Apple still has much to do to deal with poor treatment of workers in supplier facilities, according to a Hong Kong group, Students & Scholars Against Corporate Misbehaviour (Sacom). Earlier this year, Apple described in its supplier responsibility report problems with factories in China employing underage workers, saying it had cancelled contracts with those facilities. However, during July and August, Sacom investigated Futaihua Precision Electronics, which makes iPhones, and said it had found miscalculated and unpaid wages, forced overtime, poor safety standards, and a “care hotline that does not care”. Apple should demand higher standards at Futaihua, which is a subsidiary of Foxconn, Sacom says.

Trust bust

Only a third of employees of large British companies believe that their bosses act ethically in business, a survey by the Institute of Leadership and Management (ILM) has found.
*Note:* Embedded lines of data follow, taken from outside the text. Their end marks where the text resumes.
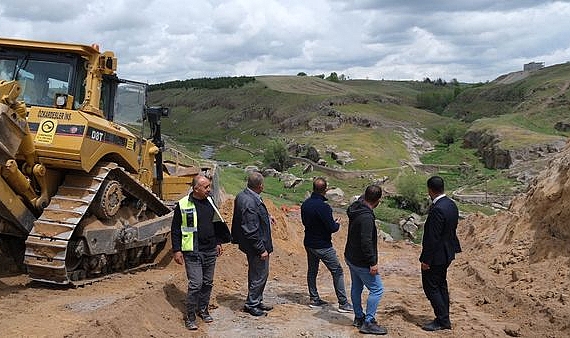 Adilcevaz'a Doğalgaz Geliyor: Çalışmalar Yerinde İncelendi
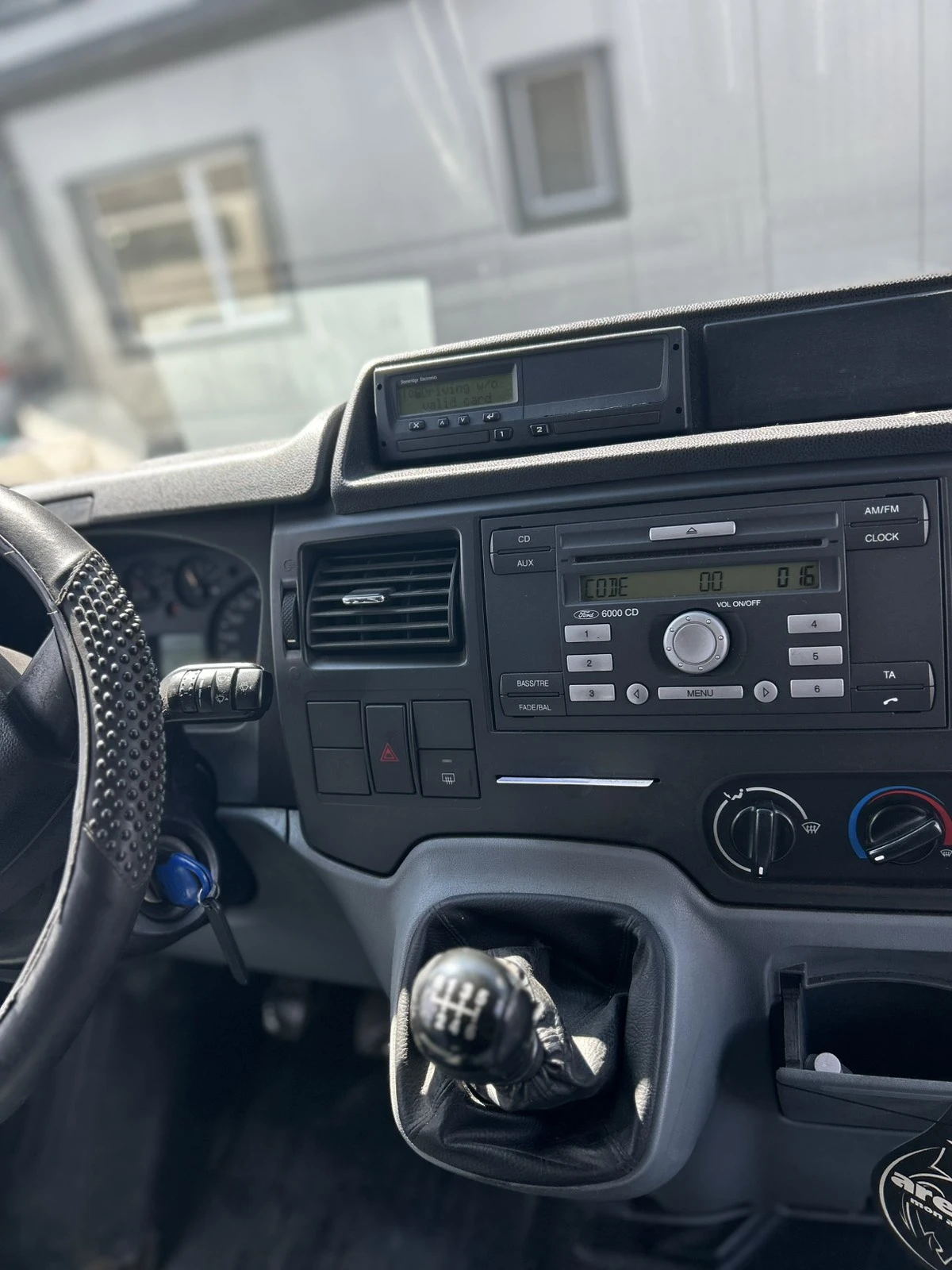 Ford Transit  - изображение 7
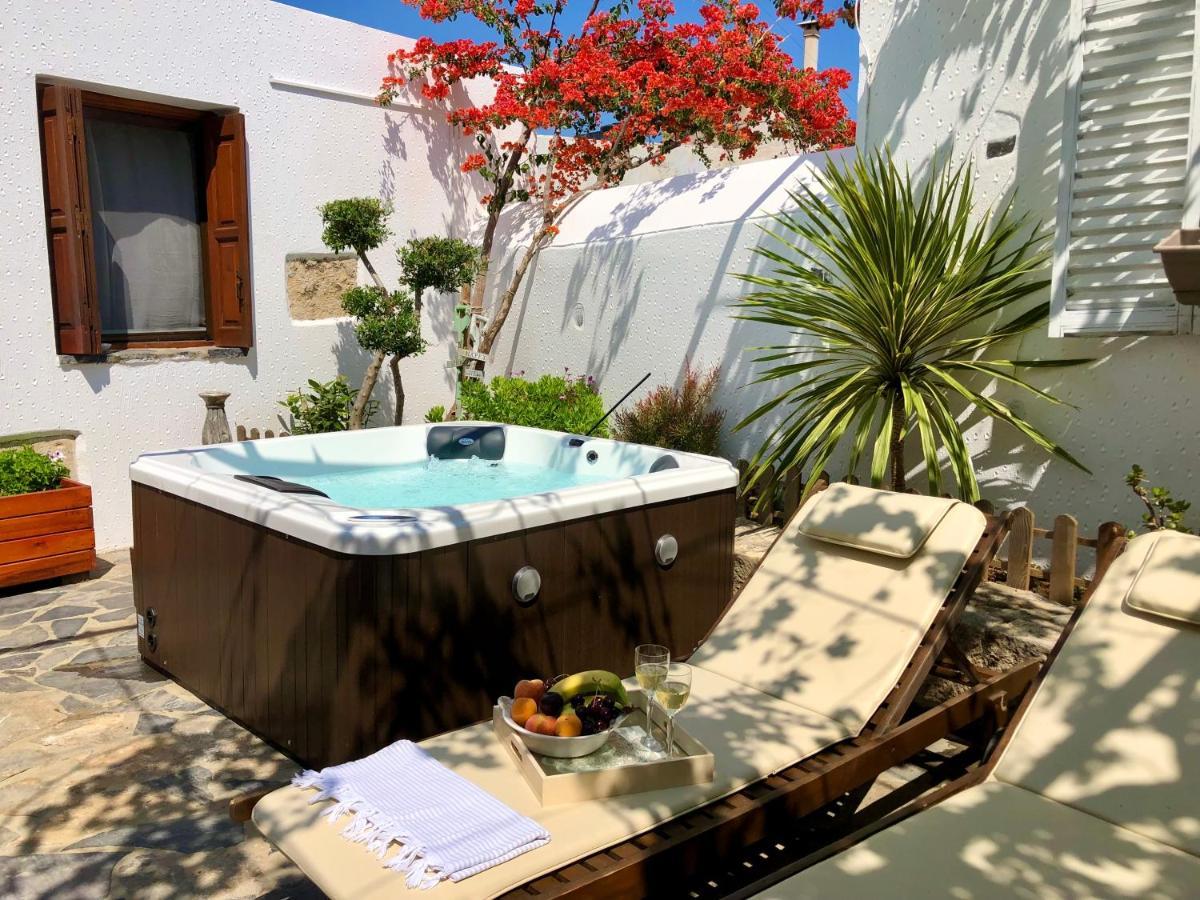Avli Traditional Home With Private Jacuzzi Hersonissos  Exteriör bild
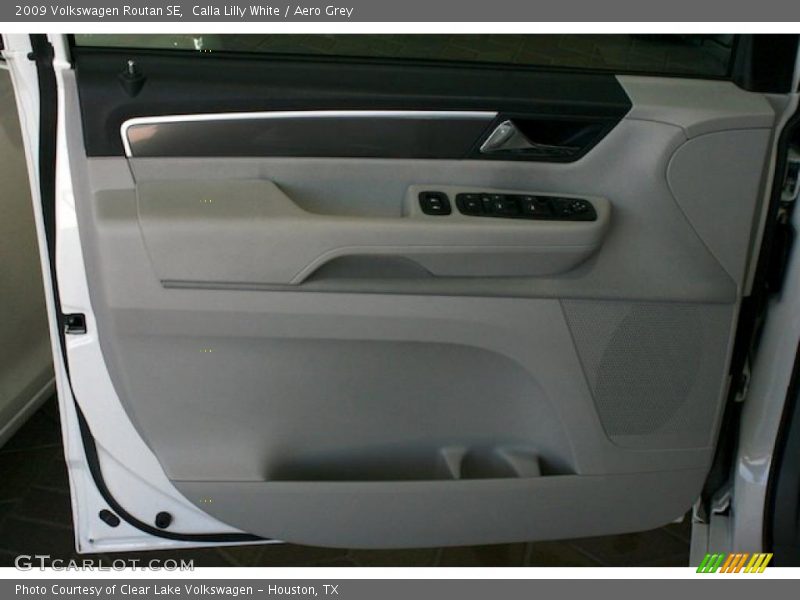 Calla Lilly White / Aero Grey 2009 Volkswagen Routan SE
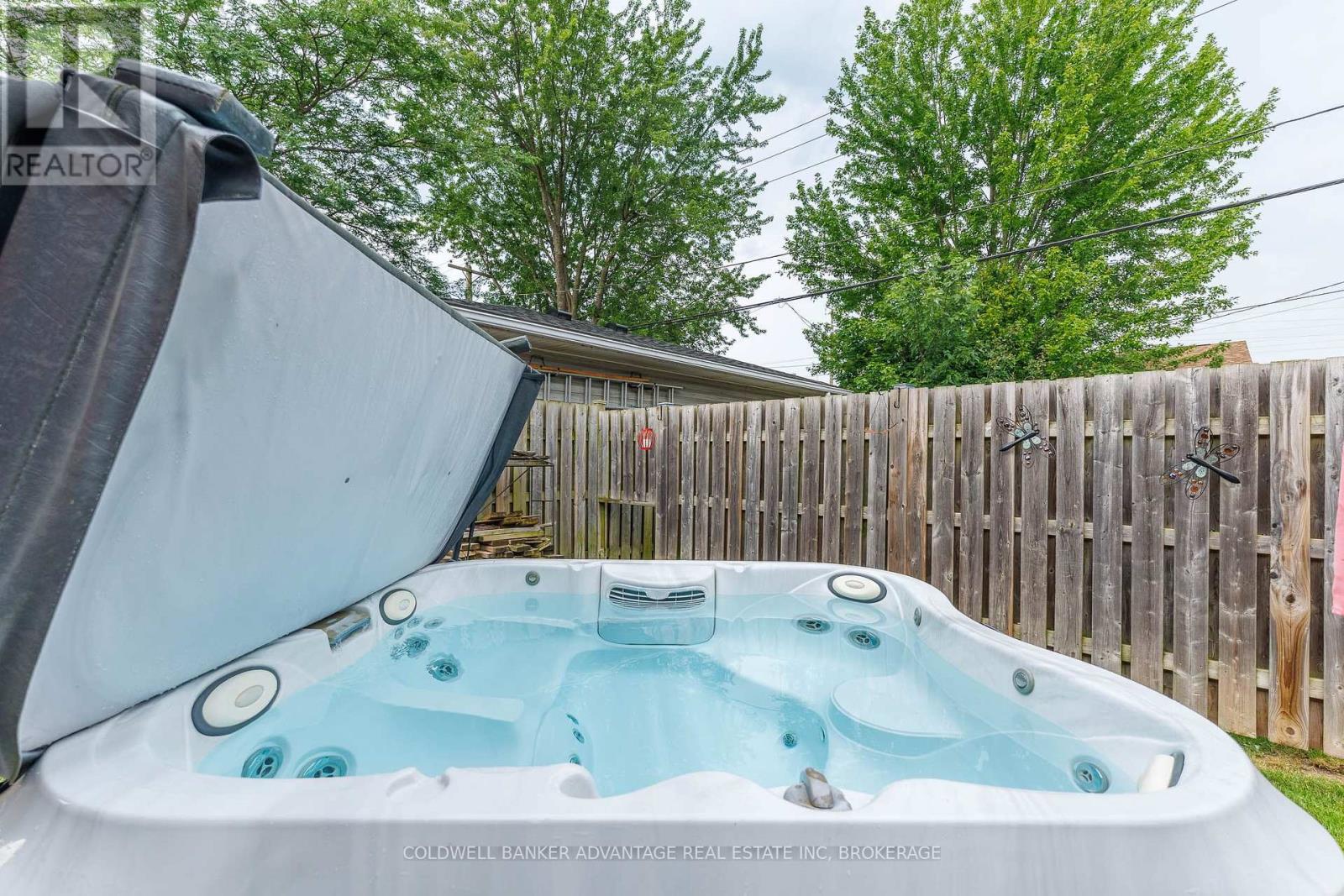 74 Pinehurst Drive, Welland, Ontario  L3C 3J1 - Photo 7 - X13617740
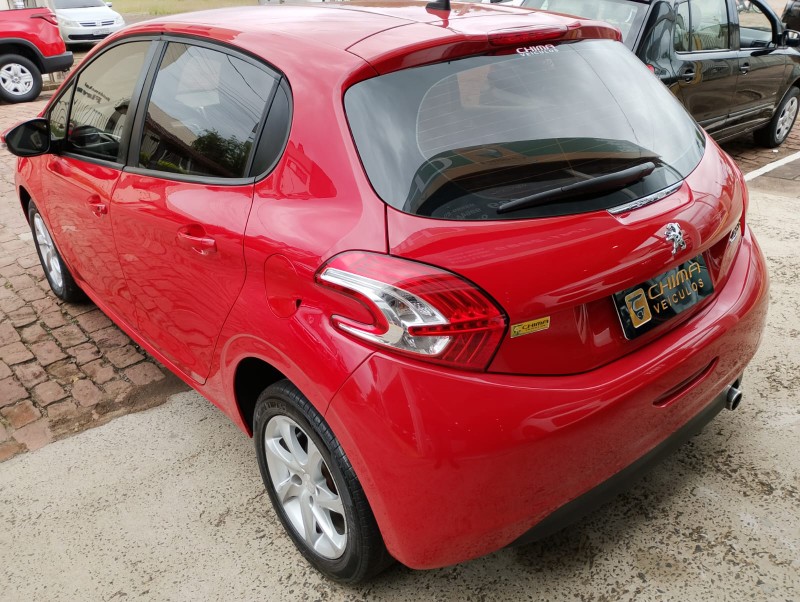 PEUGEOT 208 1.6 ACTIVE PACK 16V FLEX 4P AUTOMÁTICO /2015 CHIMA VEÍCULOS VENÂNCIO AIRES / Carros no Vale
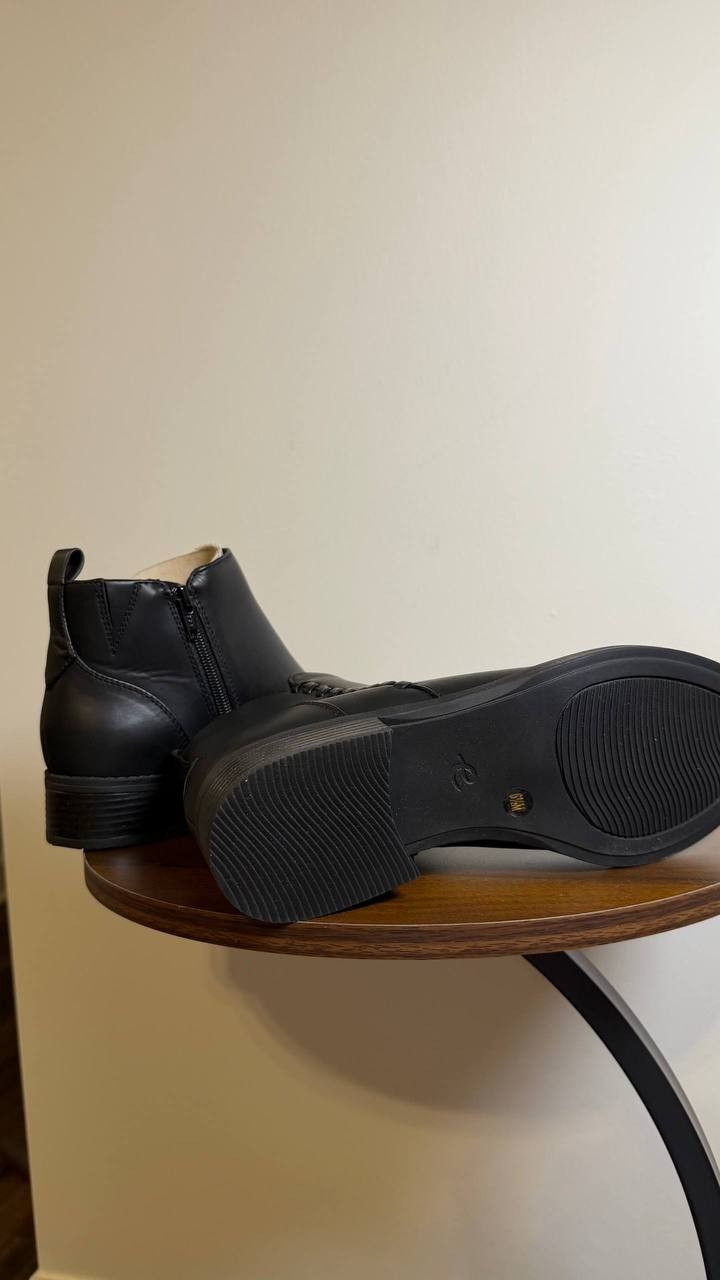Easy Spirit Lorand Booties 6.5M Black Faux Leather Almond Toe New In Box msrp$99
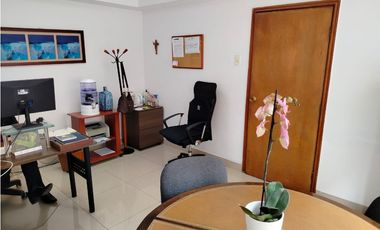 CASA COMERCIAL EN ARRIENDO, SECTOR EL LAGO, CHAPINERO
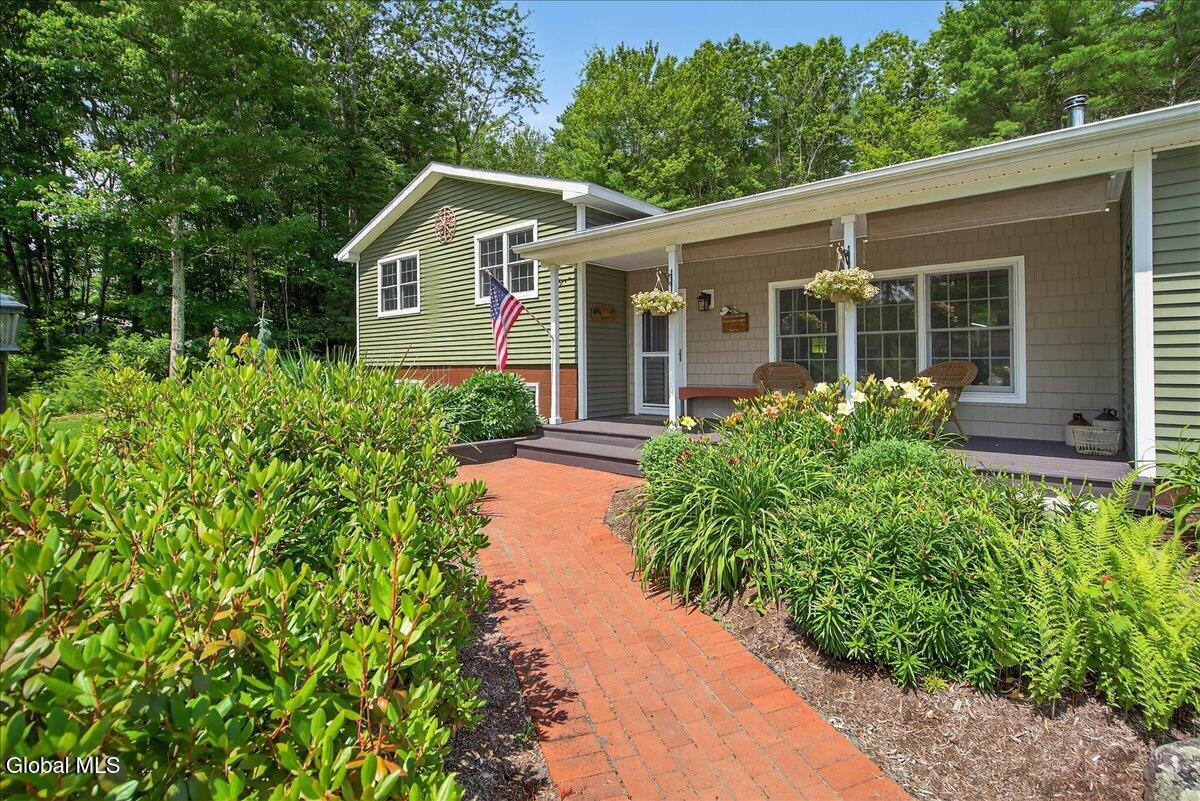 379 North Road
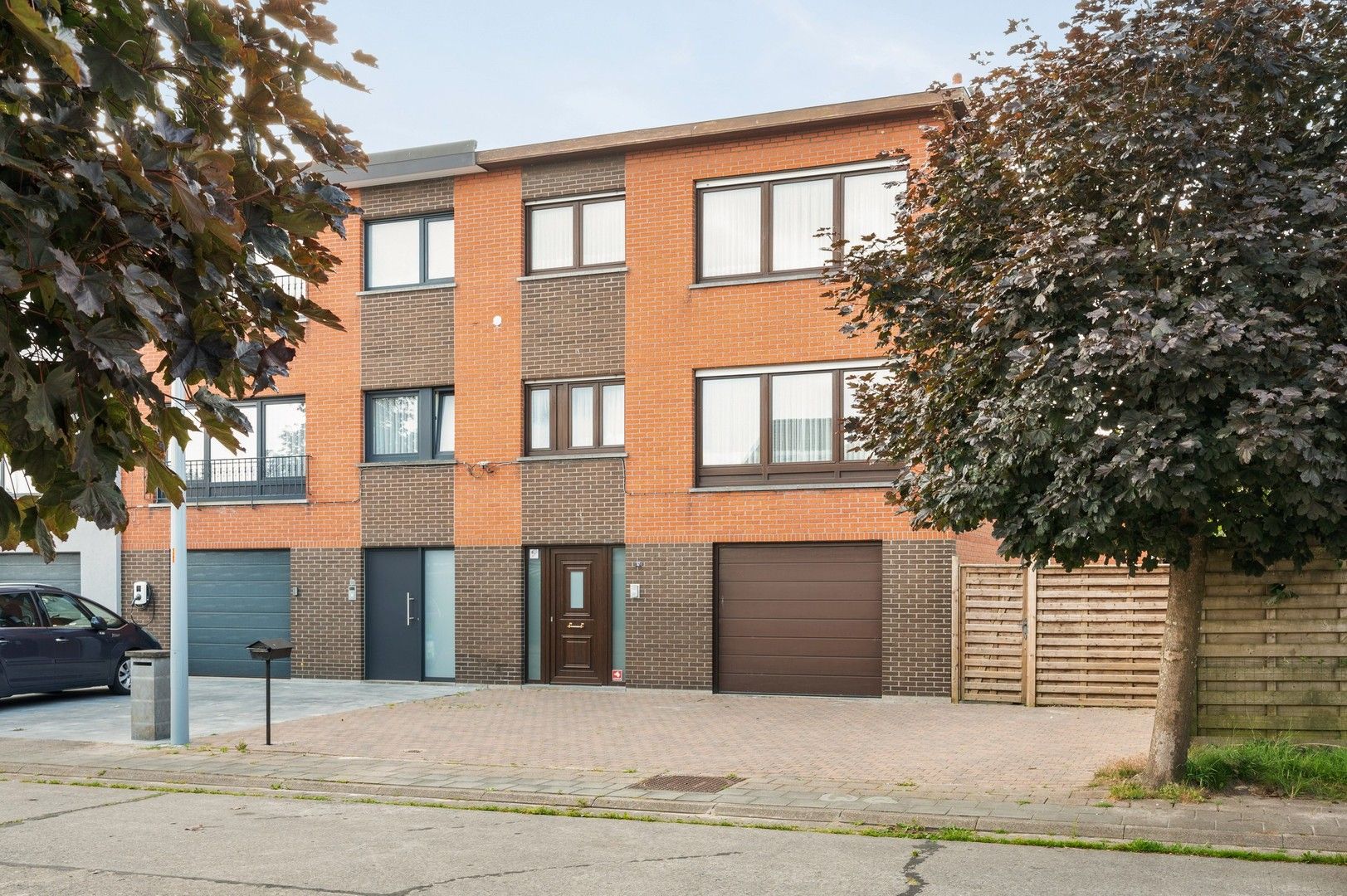 Te renoveren gezellige bel-etage hoekwoning met leuke tuin, 3 slaapkamers en grote garage foto 2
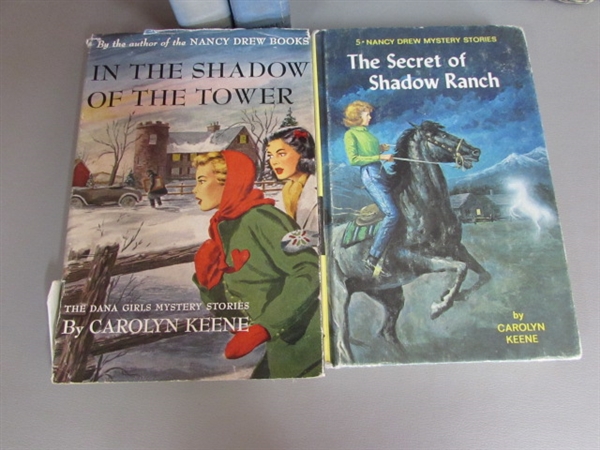 VINTAGE NANCY DREW GROSSET & DUNLAP BOOKS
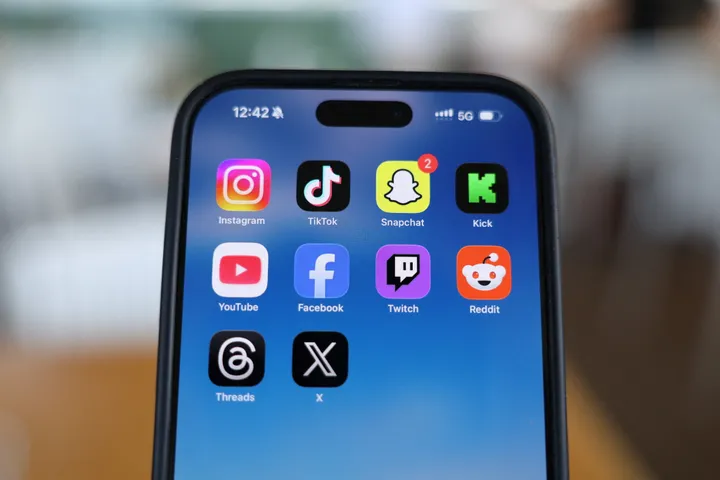 Indonesia batasi lima juta akun anak di platform digital melalui PP Tunas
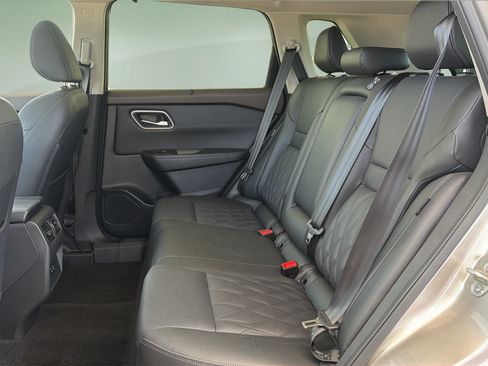 Certified 2023 Nissan Rogue Platinum AWD/4WD image 16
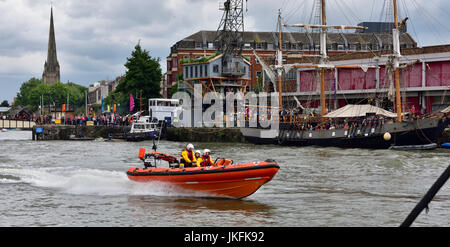 Bristol, UK. 23. Juli 2017. Das Hafenfest im Jahre 1971 von einer Gruppe von Bootsbesitzer versuchen, Bristol City Council daran zu hindern, im Hafen zu füllen begann, gelang es ihnen. Jetzt noch hauptsächlich ein kostenloses Festival und mit einem nautischen Thema eine mit einer Vielzahl von Booten in den schwimmenden Hafen es ist entstanden und gewachsen. Dieses Jahr hat etwas Regen, manchmal schwer, mit etwas Sonne schneiden Teilnahme durchsetzt. Bildnachweis: Charles Stirling/Alamy Live-Nachrichten Stockfoto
Despite the dangers for companies exposed as ethically deficient – from the nation’s banks to News Corporation – most managers continue to put profit above corporate responsibility, according to the study. However, there is some consolation for private sector bosses: their public sector equivalents are considered even less principled by their staff. “The challenge for today’s leaders is to make it clear that ethical principles can deliver improved performance and enhance profit margins,” says ILM spokesman Peter Cheese.

Decarbonise now!

British companies must do more to help the UK meet its carbon reduction targets, the Carbon Disclosure Project (CDP) says in a report on FTSE 350 companies. Although more companies than ever are disclosing their emissions and making emissions-reduction pledges, more effort is needed if business wants to avoid regulation that will force greenhouse gas cuts on them. Parliament has already legislated to reduce emissions by 35% by 2022 against a 1990 baseline, but the companies that have adopted targets have so far been less ambitious, with shorter time horizons, and targets for relative, rather than absolute, cuts in emissions, the CDP says.

Fresh winds

Companies that source their power from wind energy can now proclaim it by attaching the WindMade label to their products. Under criteria published in October, the label can be used by firms that source at least 25% of their electricity through their own generation facilities, or long-term agreements with energy producers. WindMade is the first eco-label to be supported by the United Nations Global Compact. It is also backed by WWF, the Global Energy Council, and a number of companies including Lego and Bloomberg. If corporations adopt the label, it will “contribute to more investment in renewables over and above what would be built anyway,” the label’s promoters say.

Sinners’ list

Stockholm-based campaigners ChemSec have published a “sin” list of 389 companies that produce toxic chemicals. The firms should act now to phase the substances out, according to ChemSec, because they will in any case probably be banned by a European Union chemicals law. Heading the sin list (for “Substitute it now!”) is German conglomerate BASF, which produces 65 out of 378 chemicals considered highly hazardous by ChemSec. Bringing up the rear is London-based Whyte Chemicals, which manufactures diethyl sulphate, which has been linked to cancers. The publication of the ChemSec list was made possible by EU law, which requires chemicals to be registered, and information about their manufacture to be published.

Dubious practices

The governments of Belgium, France and Luxembourg need to do more to ensure ethical behaviour by their companies abroad, in the light of recent events in Cambodia, the International Federation for Human Rights (IFHR) says. According to a new report, Socfinasia, a Franco-Belgian company registered in Luxembourg, obtained concessions to convert land in eastern Cambodia into rubber plantations. The 850 families living there were given a choice between accepting minimal compensation and forced eviction. The granting of such concessions in Cambodia, and related human rights complaints, have soared in the past few years, IFHR said. Meanwhile, relatively lax corporate reporting standards in Luxembourg mean companies can gloss over their environmental and social misbehaviour.